Dr. Martin Luther King, Jr. called health injustice “the most inhumane form” of inequality.
As the nation recognizes Dr. Martin Luther King Jr., Day and the National Day of Racial Healing, Trust for America’s Health (TFAH) is reflecting on how the public health sector has and can continue to overcome barriers to optimal health caused by the historical and contemporary effects of structural racism. These barriers include long-standing policies, investment and funding patterns, and laws that continue to limit access to safe housing, quality education, employment, healthcare, and even healthy and nutritious food in many communities of color. The result is, on average, higher rates of chronic disease and lower life expectancy for people of color. These inequities will continue to have serious health and economic consequences for the entire country if not fully confronted.

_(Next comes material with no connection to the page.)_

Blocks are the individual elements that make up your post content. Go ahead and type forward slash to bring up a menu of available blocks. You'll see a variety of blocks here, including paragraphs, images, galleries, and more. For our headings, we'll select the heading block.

Changing this narrative starts with anchoring discussions with the truth about the impact of racism and working collectively to heal and advance racial equity. Increasingly, the public health field is acknowledging the negative effects that racism has on individuals’ and community health and is working across communities to find solutions, including:
- Making explicit declarations and official policies addressing racism’s impact on health. The Centers for Disease Control and Prevention (CDC) and more than 200 states/cities/government agencies have adopted resolutions recognizing racism as a public health crisis.

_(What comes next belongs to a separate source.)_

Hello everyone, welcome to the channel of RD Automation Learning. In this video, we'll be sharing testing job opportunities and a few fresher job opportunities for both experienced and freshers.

- Implementing health-promoting programs with a particular focus on communities at high risk for poor health outcomes, such as strengthening maternal health for Black women and increasing vaccine access for communities of color.
- Advocating for comprehensive, privacy-protected health data collection and data that can be disaggregated to understand the health status and needs of specific populations.
- Developing and advocating for policies and programs that target the social determinants of health, such as strengthening the Health Equity and Accountability Act, ensuring universal access to school meals and making them more nutritious, and expanding access to healthcare.
- Taking steps to design and implement climate change adaptation programs that are grounded in environmental justice and focused on people and communities at the highest risk of exposure to environmental hazards and poor health outcomes.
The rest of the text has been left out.